* **What you should do**: With no line omitted, restate the records below exactly as they appear.

[Records excerpted from a collection]
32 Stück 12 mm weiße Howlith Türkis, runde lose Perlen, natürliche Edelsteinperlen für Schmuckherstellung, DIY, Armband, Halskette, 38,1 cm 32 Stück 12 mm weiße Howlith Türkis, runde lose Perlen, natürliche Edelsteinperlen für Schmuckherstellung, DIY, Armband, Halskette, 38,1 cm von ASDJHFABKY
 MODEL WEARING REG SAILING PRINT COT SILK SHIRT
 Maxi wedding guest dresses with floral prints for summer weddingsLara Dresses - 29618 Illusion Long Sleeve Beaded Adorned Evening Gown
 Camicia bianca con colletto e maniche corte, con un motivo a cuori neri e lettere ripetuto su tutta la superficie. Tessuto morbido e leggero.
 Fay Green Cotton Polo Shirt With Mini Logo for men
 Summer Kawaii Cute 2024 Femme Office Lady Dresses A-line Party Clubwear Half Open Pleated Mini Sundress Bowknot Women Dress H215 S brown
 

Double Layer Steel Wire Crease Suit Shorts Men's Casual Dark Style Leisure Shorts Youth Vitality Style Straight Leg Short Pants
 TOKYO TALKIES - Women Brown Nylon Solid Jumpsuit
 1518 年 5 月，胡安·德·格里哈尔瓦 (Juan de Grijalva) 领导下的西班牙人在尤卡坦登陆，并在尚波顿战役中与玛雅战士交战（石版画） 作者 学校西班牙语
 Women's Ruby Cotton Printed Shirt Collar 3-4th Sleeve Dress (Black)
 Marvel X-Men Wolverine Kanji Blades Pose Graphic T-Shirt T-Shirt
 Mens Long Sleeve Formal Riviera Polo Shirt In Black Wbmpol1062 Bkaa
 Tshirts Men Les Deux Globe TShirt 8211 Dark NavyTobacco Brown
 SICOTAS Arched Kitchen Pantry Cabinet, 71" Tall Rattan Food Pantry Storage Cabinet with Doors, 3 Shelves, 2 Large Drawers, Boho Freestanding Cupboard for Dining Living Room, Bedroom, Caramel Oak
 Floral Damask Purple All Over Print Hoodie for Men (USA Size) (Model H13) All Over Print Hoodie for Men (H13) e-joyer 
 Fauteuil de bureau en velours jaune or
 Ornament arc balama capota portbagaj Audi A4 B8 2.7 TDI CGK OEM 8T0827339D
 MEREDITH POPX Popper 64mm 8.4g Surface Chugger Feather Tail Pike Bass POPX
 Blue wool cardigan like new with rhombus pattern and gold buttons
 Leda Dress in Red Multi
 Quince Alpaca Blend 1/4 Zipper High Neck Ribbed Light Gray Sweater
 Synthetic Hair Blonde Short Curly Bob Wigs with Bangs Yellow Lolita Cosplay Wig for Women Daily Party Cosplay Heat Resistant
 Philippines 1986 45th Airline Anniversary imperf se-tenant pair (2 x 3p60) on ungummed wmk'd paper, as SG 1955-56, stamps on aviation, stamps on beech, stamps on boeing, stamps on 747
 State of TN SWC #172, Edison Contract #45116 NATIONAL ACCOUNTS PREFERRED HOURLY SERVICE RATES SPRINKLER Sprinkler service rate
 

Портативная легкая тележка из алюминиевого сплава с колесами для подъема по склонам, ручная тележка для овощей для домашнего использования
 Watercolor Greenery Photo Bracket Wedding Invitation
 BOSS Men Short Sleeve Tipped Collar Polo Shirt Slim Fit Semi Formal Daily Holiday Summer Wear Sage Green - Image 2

* **Reply to the exercise**:
32 Stück 12 mm weiße Howlith Türkis, runde lose Perlen, natürliche Edelsteinperlen für Schmuckherstellung, DIY, Armband, Halskette, 38,1 cm 32 Stück 12 mm weiße Howlith Türkis, runde lose Perlen, natürliche Edelsteinperlen für Schmuckherstellung, DIY, Armband, Halskette, 38,1 cm von ASDJHFABKY
 MODEL WEARING REG SAILING PRINT COT SILK SHIRT
 Maxi wedding guest dresses with floral prints for summer weddingsLara Dresses - 29618 Illusion Long Sleeve Beaded Adorned Evening Gown
 Camicia bianca con colletto e maniche corte, con un motivo a cuori neri e lettere ripetuto su tutta la superficie. Tessuto morbido e leggero.
 Fay Green Cotton Polo Shirt With Mini Logo for men
 Summer Kawaii Cute 2024 Femme Office Lady Dresses A-line Party Clubwear Half Open Pleated Mini Sundress Bowknot Women Dress H215 S brown
 

Double Layer Steel Wire Crease Suit Shorts Men's Casual Dark Style Leisure Shorts Youth Vitality Style Straight Leg Short Pants
 TOKYO TALKIES - Women Brown Nylon Solid Jumpsuit
 1518 年 5 月，胡安·德·格里哈尔瓦 (Juan de Grijalva) 领导下的西班牙人在尤卡坦登陆，并在尚波顿战役中与玛雅战士交战（石版画） 作者 学校西班牙语
 Women's Ruby Cotton Printed Shirt Collar 3-4th Sleeve Dress (Black)
 Marvel X-Men Wolverine Kanji Blades Pose Graphic T-Shirt T-Shirt
 Mens Long Sleeve Formal Riviera Polo Shirt In Black Wbmpol1062 Bkaa
 Tshirts Men Les Deux Globe TShirt 8211 Dark NavyTobacco Brown
 SICOTAS Arched Kitchen Pantry Cabinet, 71" Tall Rattan Food Pantry Storage Cabinet with Doors, 3 Shelves, 2 Large Drawers, Boho Freestanding Cupboard for Dining Living Room, Bedroom, Caramel Oak
 Floral Damask Purple All Over Print Hoodie for Men (USA Size) (Model H13) All Over Print Hoodie for Men (H13) e-joyer 
 Fauteuil de bureau en velours jaune or
 Ornament arc balama capota portbagaj Audi A4 B8 2.7 TDI CGK OEM 8T0827339D
 MEREDITH POPX Popper 64mm 8.4g Surface Chugger Feather Tail Pike Bass POPX
 Blue wool cardigan like new with rhombus pattern and gold buttons
 Leda Dress in Red Multi
 Quince Alpaca Blend 1/4 Zipper High Neck Ribbed Light Gray Sweater
 Synthetic Hair Blonde Short Curly Bob Wigs with Bangs Yellow Lolita Cosplay Wig for Women Daily Party Cosplay Heat Resistant
 Philippines 1986 45th Airline Anniversary imperf se-tenant pair (2 x 3p60) on ungummed wmk'd paper, as SG 1955-56, stamps on aviation, stamps on beech, stamps on boeing, stamps on 747
 State of TN SWC #172, Edison Contract #45116 NATIONAL ACCOUNTS PREFERRED HOURLY SERVICE RATES SPRINKLER Sprinkler service rate
 

Портативная легкая тележка из алюминиевого сплава с колесами для подъема по склонам, ручная тележка для овощей для домашнего использования
 Watercolor Greenery Photo Bracket Wedding Invitation
 BOSS Men Short Sleeve Tipped Collar Polo Shirt Slim Fit Semi Formal Daily Holiday Summer Wear Sage Green - Image 2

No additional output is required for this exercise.